The opening remarks all dove-tailed into the message of keynote speaker, the Rev. Gregory J. Boyle, author of “Tattoos On The Heart” and founder of Homeboy Industries in Los Angeles, a social enterprise business that employs former gang members.
Boyle, a humble, white hair, bearded man, with a penchant for colorful lanague-albeit inside a church-entertained the audience with stories of celebrities who have visited Homeboy Cafe. Among them, Vice President Joe Biden, whom he didn’t get to meet, but left him a long voicemail message telling him how he needed to meet his daughter, Ashley, who he met today. She was the final panelist.
Boyle’s message was peppered with faith, compassion and kinship. “We’re called wherever we are in this country to create a community of kinship such that God, in fact, might recognize it. Because no kinship, no peace. No kinship, no justice. No kinship, no equality.”
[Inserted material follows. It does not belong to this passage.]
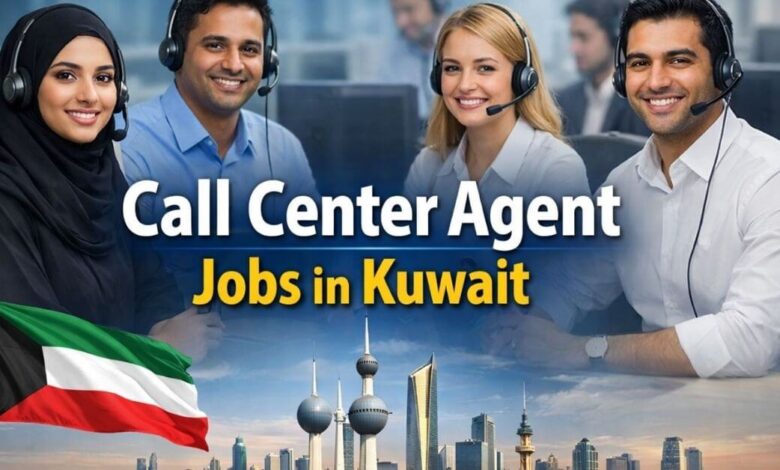 Call Center Agent Jobs in Kuwait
Boyle went on to recognize Mayor Purzycki for understanding the importance of kinship. “I have to say that I’ve never heard a public official [mention] having room for our compassion for both victim and perpetrator. That’s kinship. That’s what it looks like,” Rev. Boyle said.
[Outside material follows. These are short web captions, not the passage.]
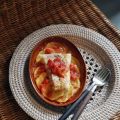 Make me canapé food… Filet de Cabillaud, pomme[...]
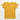 Ruffle Sleeve Tee For Baby Girl - Mustard - MEME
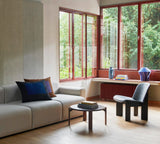 Rey Coffee Table - Umber Brown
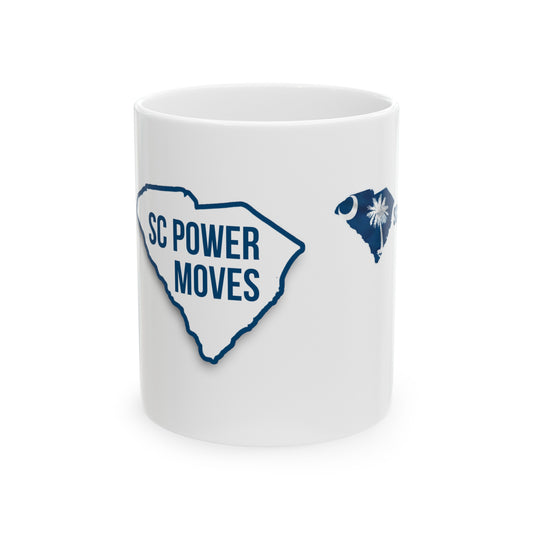SC Power Moves Mug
Boyle spoke for nearly an hour on how the “homies,” the name he calls the former gang members who work or associate with Homeboy Industries, have taught him new things and how he’s learned that caring for human beings and helping them heal from hurts is far more crucial than addressing the act of violence alone.
But not all of Boyle’s stories ended with laughter. One in particular was the story he told about José. A man who was beaten unmercifully by his mother during his elementary school years. Boyle said the former abused child, heroin addict and homeless man had finally come to a place of acceptance of his wounds, both physically and mentally, to be able to help others. It’s that acceptance Boyle says is what makes the difference. “The measure of our compassion lies not in our service of those on the margins, but only in our willingness to see ourselves in kinship with them. For the truth of the matter is if we don’t welcome our own wounds, we will be tempted to despise the wounded and that is what allows you to make room for victim and perpetrator both,” said Boyle.
The event ended with attendees visiting an expo, in the church’s lower level, which featured organizations and programs working to encourage positive youth development.